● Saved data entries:
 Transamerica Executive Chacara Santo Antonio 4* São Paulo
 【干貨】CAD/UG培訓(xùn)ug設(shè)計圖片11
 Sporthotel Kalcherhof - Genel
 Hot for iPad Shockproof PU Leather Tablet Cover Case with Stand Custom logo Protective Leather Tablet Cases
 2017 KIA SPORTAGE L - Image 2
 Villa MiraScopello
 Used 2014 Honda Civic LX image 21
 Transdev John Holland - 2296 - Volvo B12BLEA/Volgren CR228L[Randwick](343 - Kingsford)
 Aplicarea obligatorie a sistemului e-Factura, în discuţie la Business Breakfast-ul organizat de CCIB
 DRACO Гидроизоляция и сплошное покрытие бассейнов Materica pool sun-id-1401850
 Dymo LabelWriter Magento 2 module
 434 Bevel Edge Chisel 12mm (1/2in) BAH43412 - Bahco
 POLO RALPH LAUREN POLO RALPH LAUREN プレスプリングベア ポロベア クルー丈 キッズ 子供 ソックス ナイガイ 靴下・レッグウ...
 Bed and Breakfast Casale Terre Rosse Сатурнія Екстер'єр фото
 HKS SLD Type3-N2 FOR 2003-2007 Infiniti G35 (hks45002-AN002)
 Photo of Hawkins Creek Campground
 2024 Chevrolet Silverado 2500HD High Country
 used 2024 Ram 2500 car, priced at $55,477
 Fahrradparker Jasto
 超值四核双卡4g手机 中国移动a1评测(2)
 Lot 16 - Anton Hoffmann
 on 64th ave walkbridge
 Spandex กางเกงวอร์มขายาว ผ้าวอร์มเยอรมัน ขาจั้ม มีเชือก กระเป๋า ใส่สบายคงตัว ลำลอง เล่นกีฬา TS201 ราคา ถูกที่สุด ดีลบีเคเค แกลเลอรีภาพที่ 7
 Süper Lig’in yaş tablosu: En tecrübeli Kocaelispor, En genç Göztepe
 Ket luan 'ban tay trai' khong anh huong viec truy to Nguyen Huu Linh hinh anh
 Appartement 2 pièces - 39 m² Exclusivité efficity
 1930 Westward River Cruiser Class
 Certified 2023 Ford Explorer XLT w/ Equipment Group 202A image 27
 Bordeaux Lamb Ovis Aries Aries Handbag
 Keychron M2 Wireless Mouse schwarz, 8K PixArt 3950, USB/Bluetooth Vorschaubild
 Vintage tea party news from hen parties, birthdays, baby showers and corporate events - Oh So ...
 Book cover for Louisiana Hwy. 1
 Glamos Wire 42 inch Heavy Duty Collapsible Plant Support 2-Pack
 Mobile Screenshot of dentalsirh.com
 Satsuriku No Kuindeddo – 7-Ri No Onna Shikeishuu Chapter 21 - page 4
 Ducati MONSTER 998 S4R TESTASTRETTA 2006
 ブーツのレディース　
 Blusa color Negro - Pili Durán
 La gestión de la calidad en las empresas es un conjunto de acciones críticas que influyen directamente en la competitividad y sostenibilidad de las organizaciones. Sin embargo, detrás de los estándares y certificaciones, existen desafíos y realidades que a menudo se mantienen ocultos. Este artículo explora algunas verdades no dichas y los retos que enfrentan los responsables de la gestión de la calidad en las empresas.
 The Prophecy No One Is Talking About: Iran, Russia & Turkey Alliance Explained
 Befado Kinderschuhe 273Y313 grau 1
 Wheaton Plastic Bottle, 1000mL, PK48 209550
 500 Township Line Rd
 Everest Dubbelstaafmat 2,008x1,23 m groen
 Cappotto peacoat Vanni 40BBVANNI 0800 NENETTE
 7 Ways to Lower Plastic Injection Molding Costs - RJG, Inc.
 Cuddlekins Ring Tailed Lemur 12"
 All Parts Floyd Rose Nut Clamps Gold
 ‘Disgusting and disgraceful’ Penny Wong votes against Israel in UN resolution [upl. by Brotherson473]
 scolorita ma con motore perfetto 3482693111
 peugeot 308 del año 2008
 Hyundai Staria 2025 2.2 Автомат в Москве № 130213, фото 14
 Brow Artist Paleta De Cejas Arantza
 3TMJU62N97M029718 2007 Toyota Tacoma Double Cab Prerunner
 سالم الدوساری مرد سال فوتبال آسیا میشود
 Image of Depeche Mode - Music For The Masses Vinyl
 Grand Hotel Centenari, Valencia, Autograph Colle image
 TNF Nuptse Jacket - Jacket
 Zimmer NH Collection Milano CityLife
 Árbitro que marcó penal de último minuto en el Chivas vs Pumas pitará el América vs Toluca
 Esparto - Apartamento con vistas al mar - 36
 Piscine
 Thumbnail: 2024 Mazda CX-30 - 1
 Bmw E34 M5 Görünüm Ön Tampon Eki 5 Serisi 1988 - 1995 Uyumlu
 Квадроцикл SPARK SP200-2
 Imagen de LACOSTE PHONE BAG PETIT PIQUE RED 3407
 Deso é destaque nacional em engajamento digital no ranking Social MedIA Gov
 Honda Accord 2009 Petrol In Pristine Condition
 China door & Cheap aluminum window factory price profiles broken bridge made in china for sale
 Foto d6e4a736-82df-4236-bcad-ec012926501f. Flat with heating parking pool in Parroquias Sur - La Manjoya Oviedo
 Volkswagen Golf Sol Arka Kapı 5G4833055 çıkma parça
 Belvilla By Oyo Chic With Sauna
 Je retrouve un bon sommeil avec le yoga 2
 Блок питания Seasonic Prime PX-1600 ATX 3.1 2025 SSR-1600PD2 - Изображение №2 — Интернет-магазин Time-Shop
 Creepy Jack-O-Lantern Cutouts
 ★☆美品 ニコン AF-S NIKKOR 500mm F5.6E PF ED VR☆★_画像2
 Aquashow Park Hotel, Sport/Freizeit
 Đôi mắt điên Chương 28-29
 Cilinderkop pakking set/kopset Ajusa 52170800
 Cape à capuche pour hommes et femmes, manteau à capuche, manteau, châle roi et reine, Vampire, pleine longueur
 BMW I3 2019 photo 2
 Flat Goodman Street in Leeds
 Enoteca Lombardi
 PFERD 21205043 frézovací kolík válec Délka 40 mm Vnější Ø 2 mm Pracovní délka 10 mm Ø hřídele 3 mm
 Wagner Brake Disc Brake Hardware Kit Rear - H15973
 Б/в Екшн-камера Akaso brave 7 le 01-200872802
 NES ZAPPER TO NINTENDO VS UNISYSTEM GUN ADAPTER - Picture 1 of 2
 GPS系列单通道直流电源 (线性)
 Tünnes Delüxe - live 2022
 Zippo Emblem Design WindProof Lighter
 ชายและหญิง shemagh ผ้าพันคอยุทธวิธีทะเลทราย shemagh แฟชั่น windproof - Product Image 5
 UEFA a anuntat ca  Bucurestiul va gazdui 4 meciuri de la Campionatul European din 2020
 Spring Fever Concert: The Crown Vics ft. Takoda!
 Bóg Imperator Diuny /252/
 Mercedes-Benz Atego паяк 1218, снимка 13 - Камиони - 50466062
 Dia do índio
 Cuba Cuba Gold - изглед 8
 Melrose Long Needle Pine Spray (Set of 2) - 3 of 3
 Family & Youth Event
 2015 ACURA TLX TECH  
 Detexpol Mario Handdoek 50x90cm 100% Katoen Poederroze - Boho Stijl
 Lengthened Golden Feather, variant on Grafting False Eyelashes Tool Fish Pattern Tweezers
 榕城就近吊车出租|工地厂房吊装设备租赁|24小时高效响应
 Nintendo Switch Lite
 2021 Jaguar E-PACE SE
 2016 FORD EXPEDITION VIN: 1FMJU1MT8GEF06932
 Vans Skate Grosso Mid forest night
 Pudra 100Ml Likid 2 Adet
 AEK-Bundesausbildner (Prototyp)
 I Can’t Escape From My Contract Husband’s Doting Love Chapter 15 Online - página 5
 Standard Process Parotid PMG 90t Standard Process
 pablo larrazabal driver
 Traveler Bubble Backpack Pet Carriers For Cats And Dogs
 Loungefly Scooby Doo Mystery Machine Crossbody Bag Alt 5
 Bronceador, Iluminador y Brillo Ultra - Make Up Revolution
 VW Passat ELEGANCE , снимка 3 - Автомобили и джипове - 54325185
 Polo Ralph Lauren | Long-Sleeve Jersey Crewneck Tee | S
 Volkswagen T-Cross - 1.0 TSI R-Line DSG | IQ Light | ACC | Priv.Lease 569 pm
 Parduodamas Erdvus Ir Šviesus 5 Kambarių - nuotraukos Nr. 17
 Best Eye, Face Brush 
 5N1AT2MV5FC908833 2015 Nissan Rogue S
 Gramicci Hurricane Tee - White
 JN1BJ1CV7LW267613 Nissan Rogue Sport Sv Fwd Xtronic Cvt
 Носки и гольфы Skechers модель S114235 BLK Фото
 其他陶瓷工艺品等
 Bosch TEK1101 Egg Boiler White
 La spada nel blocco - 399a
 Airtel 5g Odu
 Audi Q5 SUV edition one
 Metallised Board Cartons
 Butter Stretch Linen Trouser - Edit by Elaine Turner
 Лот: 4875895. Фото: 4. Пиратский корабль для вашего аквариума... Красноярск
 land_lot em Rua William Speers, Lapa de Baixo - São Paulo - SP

● About this task: Precisely the line with "Metallised Board Cartons" and the lines after it, up to the last line of the entries above, are to be reproduced, and nothing more.

● Response:
 Metallised Board Cartons
 Butter Stretch Linen Trouser - Edit by Elaine Turner
 Лот: 4875895. Фото: 4. Пиратский корабль для вашего аквариума... Красноярск
 land_lot em Rua William Speers, Lapa de Baixo - São Paulo - SP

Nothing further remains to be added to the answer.